Study finds remdesivir-resistant version of COVID-19 in kidney transplant recipients

Recent studies have shown that patients with weakened immune systems – which allows the virus responsible for COVID-19 to stay in the body longer, copy itself and continually change – may allow new, slightly different versions to develop. virus (variants) . These people include those who are treated with drugs that suppress the immune system to prevent it from rejecting a newly transplanted organ.

A new study by researchers at NYU Grossman School of Medicine and NYU Long Island School of Medicine shows that two kidney transplant recipients who were treated with immunosuppressive drugs and then had a long COVID-19 infection developed a version of the virus. with a genetic change (mutation) that made him resistant to the antiviral therapy remdesivir.

This treatment is among the first antiviral drugs approved for use in the pandemic and remains an important weapon against the pandemic coronavirus. Remdesivir is particularly important for people who have had a transplant because the more recently developed Paxlovid, a combination of nirmatrelvir and ritonavir, may interfere with immunosuppressants sometimes used for these patients, the study authors explain.

The study results reflect a standard problem in antiviral medicine, in which the rapid, error-prone reproductive process of viruses continuously creates slightly different genetic versions of themselves. Some randomly develop the qualities necessary to resist drug treatment. In the case of SARS-CoV-2, the pandemic virus, remdesivir is thought to work by interfering with the virus’s ability to create copies of itself through the action of a polymerase, a viral enzyme.

According to the results, the two people were initially infected with a version of the coronavirus that did not carry the mutation that confers resistance to remdesivir.
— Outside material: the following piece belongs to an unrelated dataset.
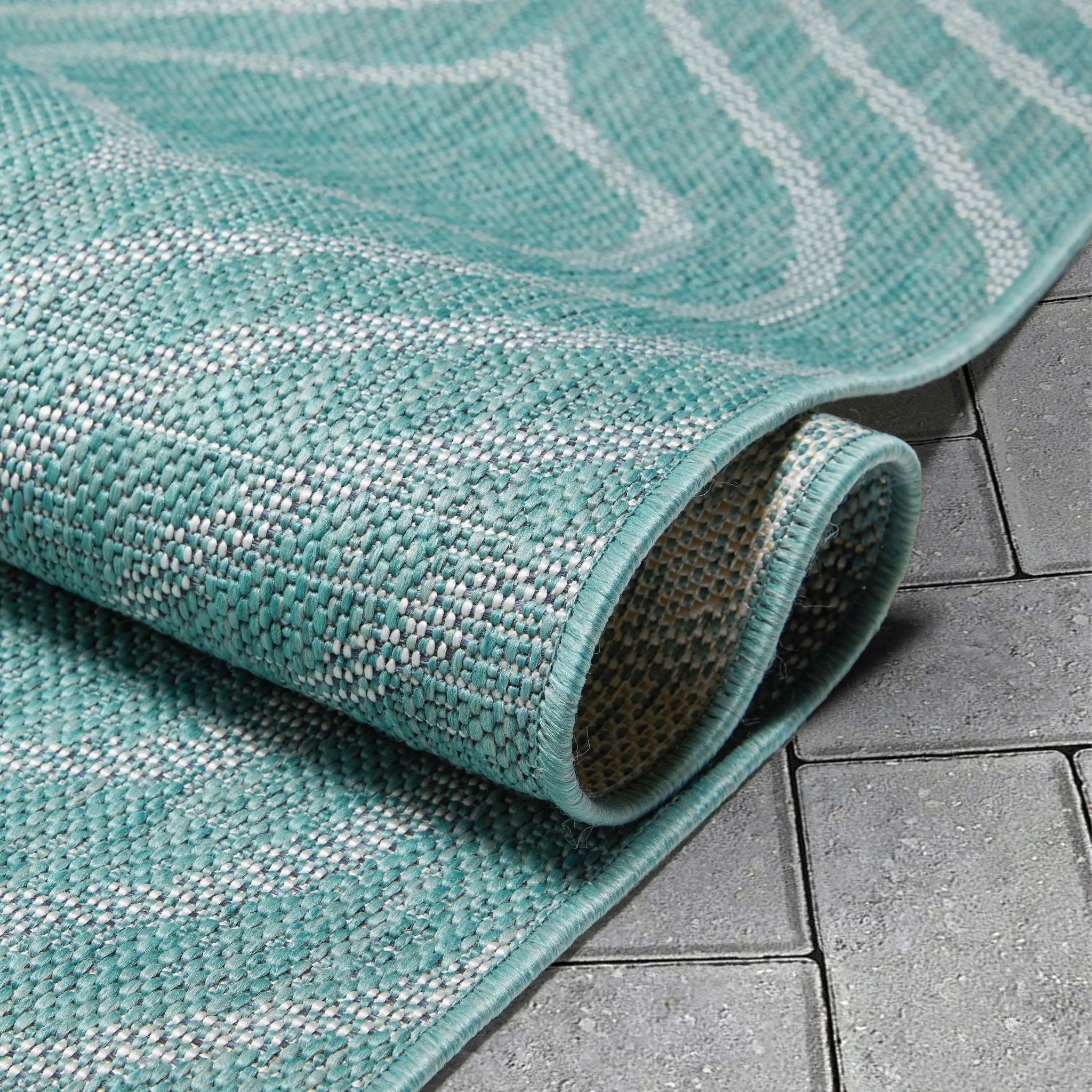 Ludo Lattice Trellis Indoor/Outdoor Blue Textured Rug、mySite、gigharbornorthrealestate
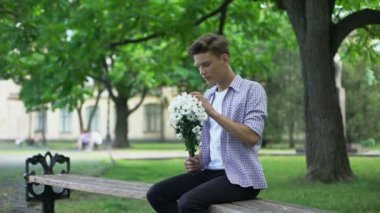 Endişeli erkek kız park, görücü usulü, Bayan geç kaldığım için bekliyor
However, after treatment with the antiviral agent, the virus developed the V7921 (V7921) RNA-dependent polymerase gene mutation, which has already been shown in the laboratory to make the virus more resistant to remdesivir.

Our findings may help explain how the coronavirus continues to develop resistance to treatment. It is possible that the antiviral treatment itself, combined with the patients’ weakened immune systems, caused the evolution of this concerning mutation. ยป

John I. Hogan, MD, Senior Author, Assistant Professor, Department of Medicine, NYU Langone Health

Despite the availability of vaccines and several drug therapies for COVID-19, experts say people with weakened immune systems, such as transplant patients and people with cancer or untreated HIV, remain at risk. high risk of contracting the disease. The new study, published online Sept. 26 in the journal Clinical infectious diseasesis the first to identify the remdesivir-resistant V7921 mutation in people who have undergone organ transplants and been treated with the antiviral drug, according to Dr. Hogan.

For the investigation, which was funded by NYU Langone, the study team took samples from the nostrils of two people, one in their 50s and the other in their 60s, who had each received a transplant. kidney disease and were using immunosuppressive drugs. Although they had been vaccinated against COVID-19 before the operation, the two developed symptoms of the disease, such as fatigue, cough and fever, which persisted for months.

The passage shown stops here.